I think in the end, what will happen is that we'll end up choosing molten-salt reactors fueled by thorium-232 dissolved in molten fluoride salts as fuel--the so-called liquid fluoride thorium reactor (LFTR).
The advantages to LFTR's are numerous:
1. Thorium-232 is as common in the soil as elemental Lead--indeed, one of the huge problems with rare-Earth element mining is figuring out how to get rid of the thorium. Suddenly, all that thorium is in high demand for nuclear reactor fuel.
2. LFTR's can even use re-processed uranium-235 fuel rods and plutonium-239/241 from dismantled nuclear weapons dissolved in molten fluoride salts as fuel, making it a very viable way to get rid of a huge current nuclear waste problem.
3. You don't need expensive pressurized reactor vessels.
4. The reactor size can be scaled from 40 megawatts to over 1,000 megawatts power output. That means they could be used for powering installations as small as computer server farms all the way up to powering whole cities, and they can generate power 24 hours a day constantly.
5. Because the fuel is in liquid form in the reactor, there is no such thing as a reactor meltdown if the coolant is cut off for any reason.

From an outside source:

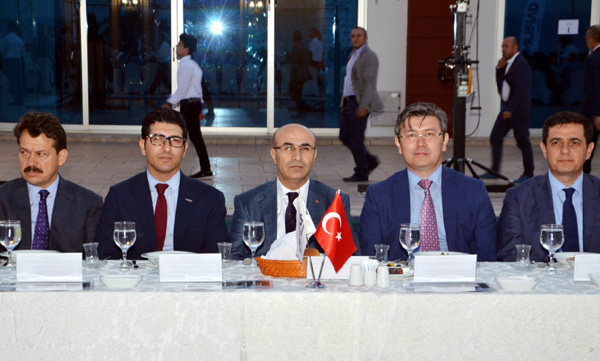 Kavak, 'Tüm olumsuzluklara rağmen büyüyen bir ekonomimiz var'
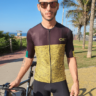 Camisa de ciclismo Café na Trilha - Gold - Tecido 100% poliéster com tratamento Xtreme Dry com proteção UV solar fator 50.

6. A SCRAM emergency shutdown of the reactor is dumping the liquid fuel out of the reactor quickly, a lot easier to do than the complex safety systems found in today's uranium-fueled reactors.
7. Using closed-loop Brayton turbines to generate power, you eliminate the enormously expensive need for big cooling towers or locating the reactor near a large source of water.
8. The amount of radioactive waste generated is tiny compared to uranium-fueled reactors, and that waste has a radioactive half-life of under 320 years, which means really cheap nuclear waste disposal using disused salt mines or salt domes (if the nuclear medicine industry doesn't grab it first!).
Note that scientists think that the Moon and even Mars may have large quantities of thorium-232 that could be mined. As such, we may enough thorium-232 to power LFTR's for potentially _tens_ of thousands of years at current power consumption rates.